I found a good deal on this one and considering it for my late 2013 iMac. But this iMac only has thunderbolt and USB 3.0. 

This SSD use USB 3.1.

I know basically nothing about computers, will I be able to use this on my late iMac while keeping the SSD speed?


----------



## MHP (Mar 3, 2019)

Mason said:


> I found a good deal on this one and considering it for my late 2013 iMac. But this iMac only has thunderbolt and USB 3.0.
> 
> This SSD use USB 3.1.
> 
> I know basically nothing about computers, will I be able to use this on my late iMac while keeping the SSD speed?

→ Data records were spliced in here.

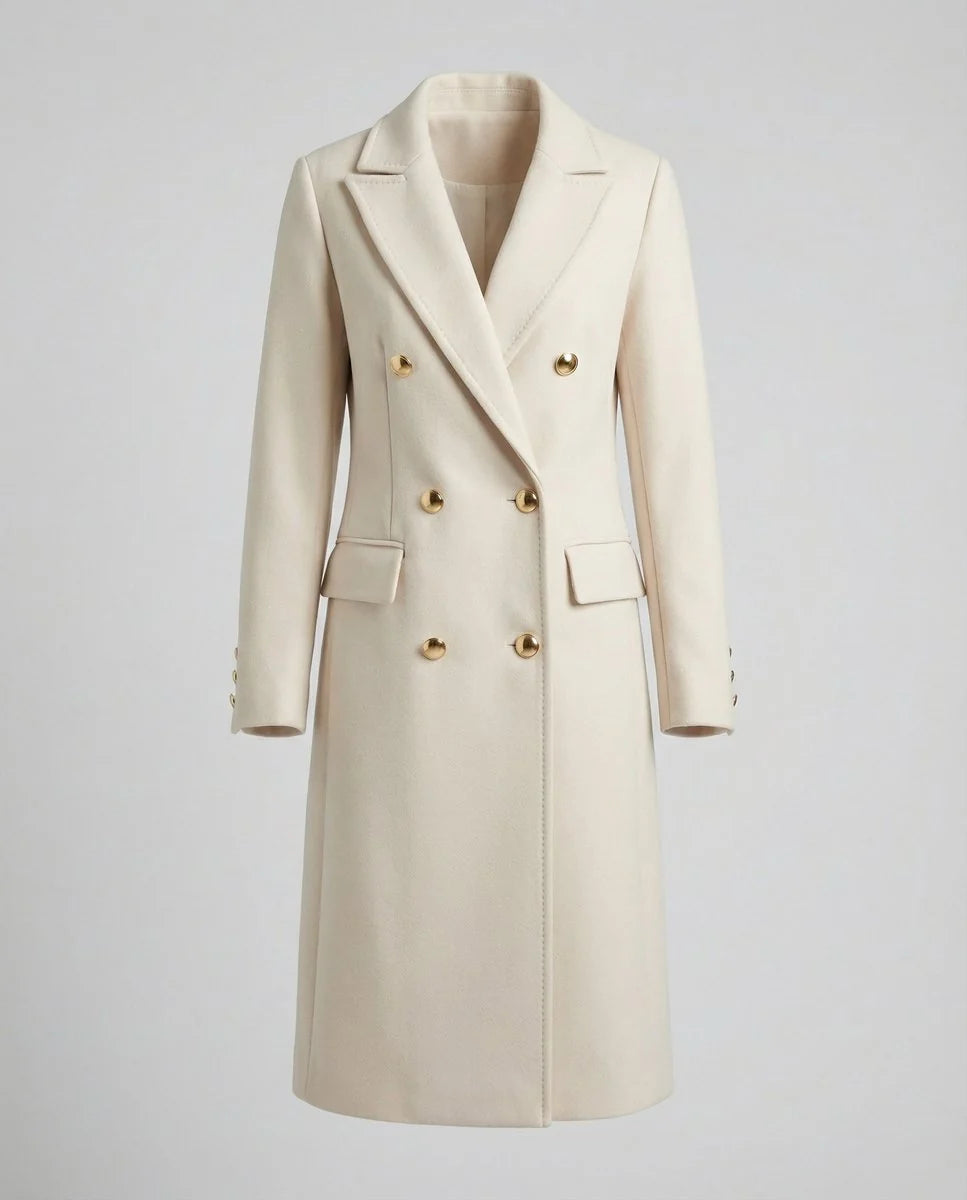 Talia Women's Midi Overcoat | Tailored Fit, Double-Breasted Design 5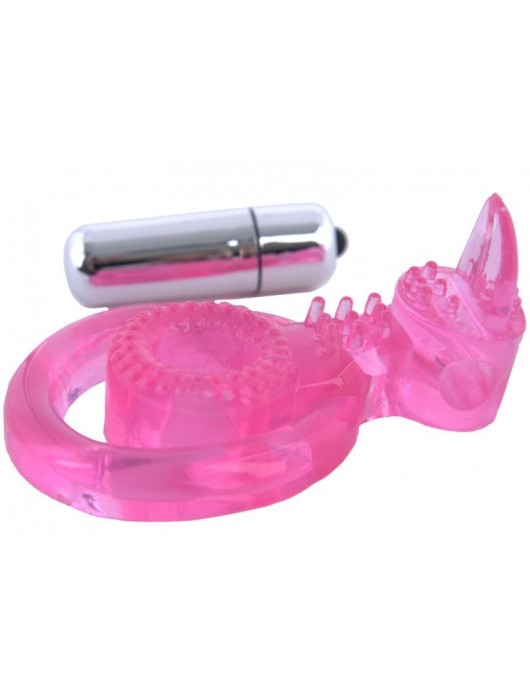 Розовая вибронасадка со стимулятор клитора   Язычок - Toyfa Basic - в Петрозаводске купить с доставкой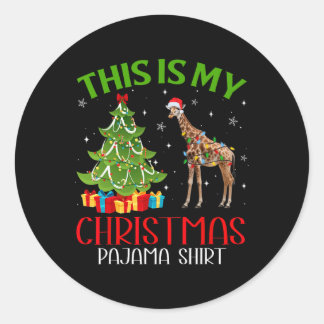 Det här är min Giraffe Christm Julafton Santa Ljus Runt Klistermärke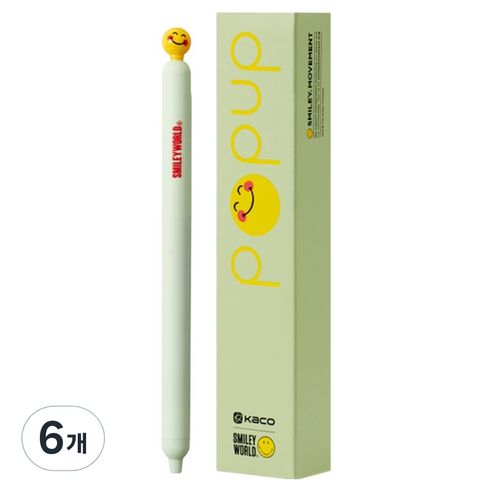카코 스마일리 팝업 젤펜 0.5mm, 그린, 6개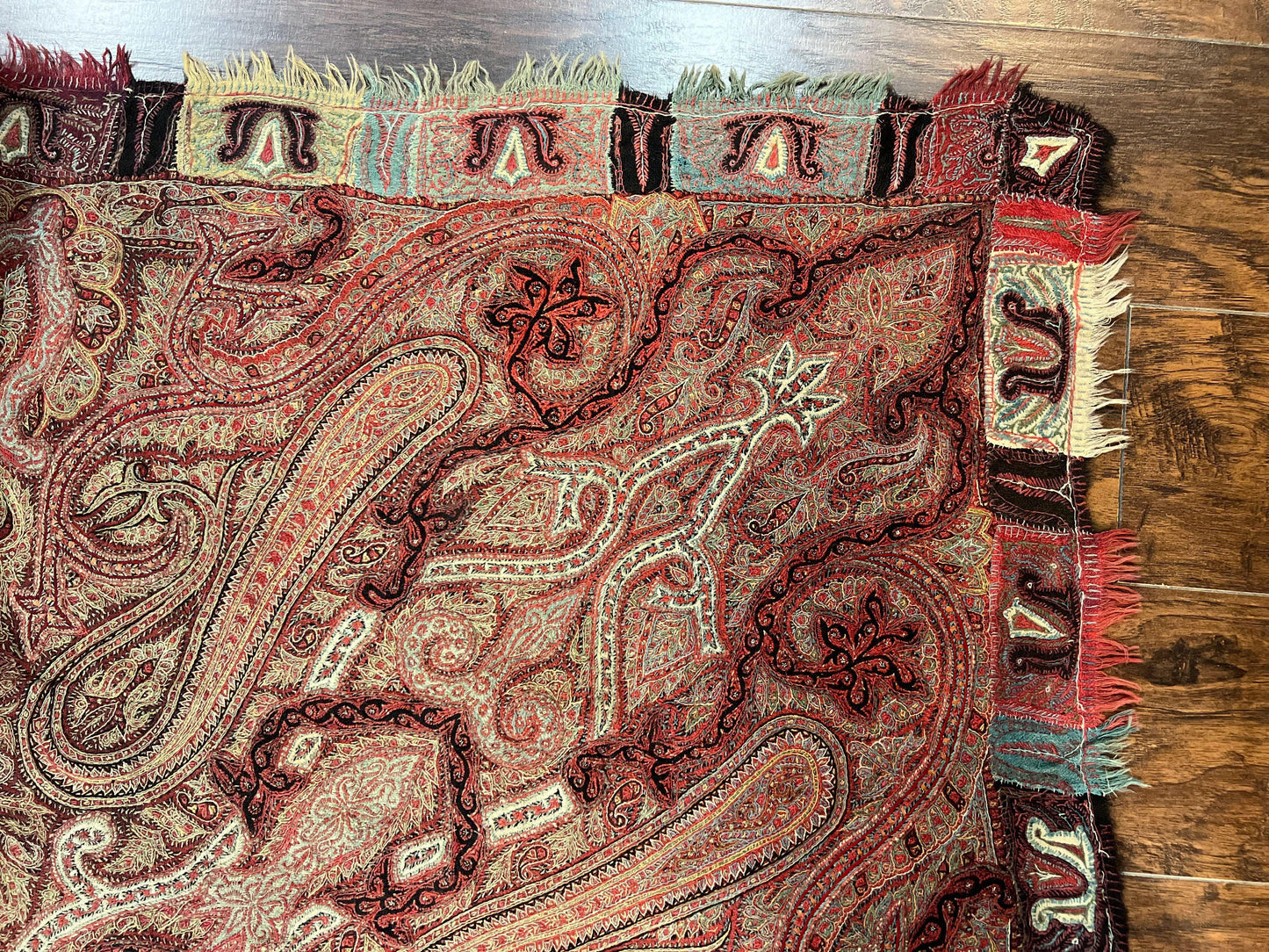 Antique Indian Kashmiri Shawl, Needlework, Signed By Masterweaver, Handmade, Rare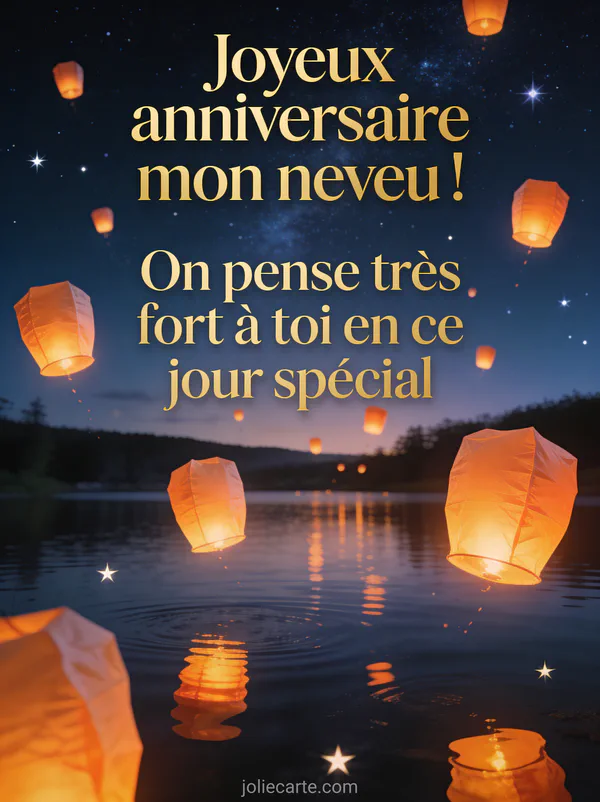 Lanternes volantes dans un ciel nocturne étoilé avec lueurs chaudes orangées et lac reflétant les lumières ambiance magique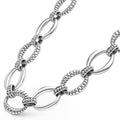 Signature Caviar Sterling Silver Oval Fluted Link Necklace features polished sterling silver with alternating smooth ovals and beaded circular rings, offering modern elegance and sculptural texture.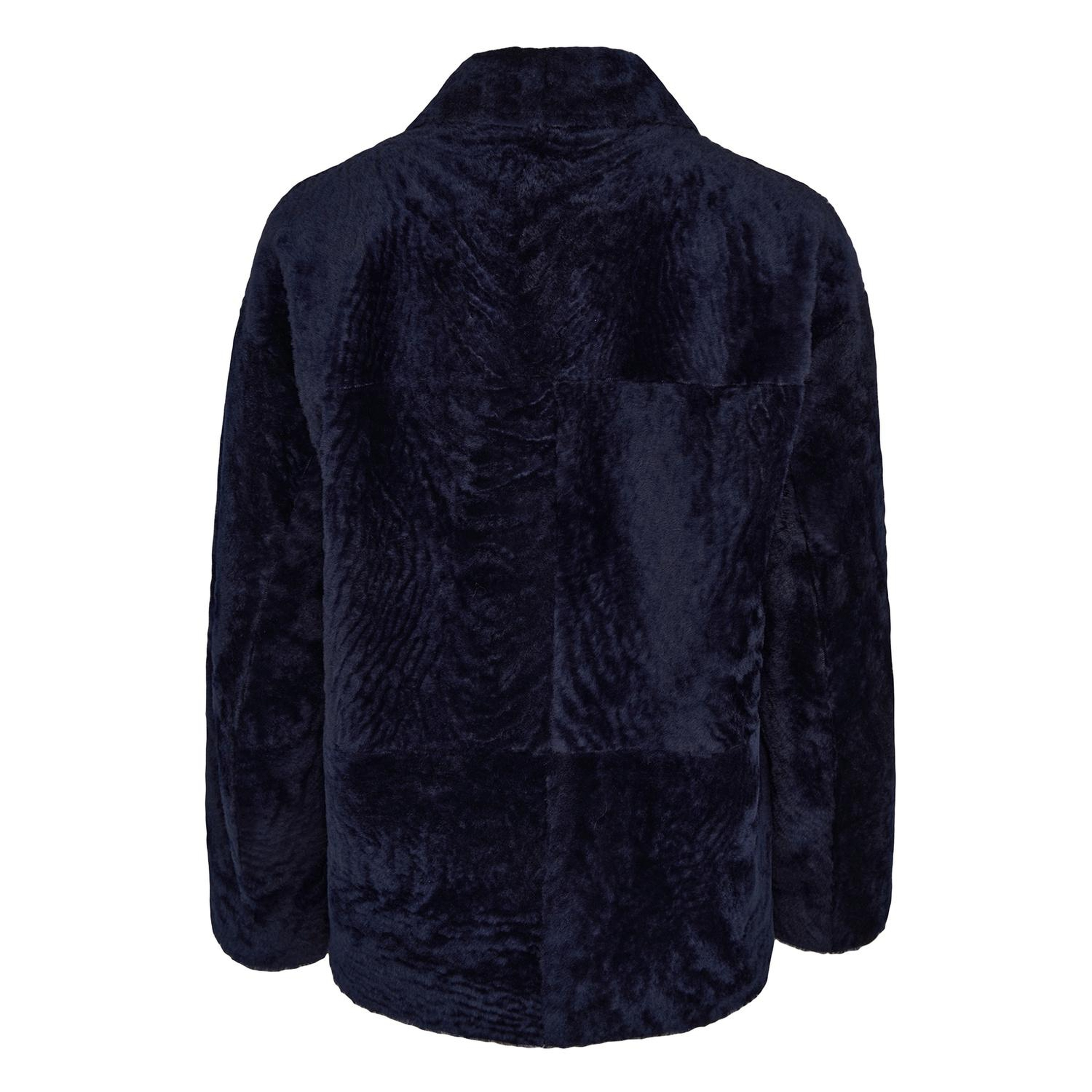 Sarah Mavi Kadın Kürk Kaban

I run the Samsung T5 External SSD 500GB with my Mac Mini (Late 2012) over USB 3.0 and it works fine. Read/Write speeds are >400MB/sec (only around 15% slower than my internal SSD).
Be careful with the choice of the file system for initial formatting of the drive. I would still prefer the older HFS+ instead of APFS.


----------



## Mason (Mar 3, 2019)

MHP said:


> I run the Samsung T5 External SSD 500GB with my Mac Mini (Late 2012) over USB 3.0 and it works fine. Read/Write speeds are >400MB/sec (only around 15% slower than my internal SSD).
> Be careful with the choice of the file system for initial formatting of the drive. I would still prefer the older HFS+ instead of APFS.



Thanks, all I needed to know


----------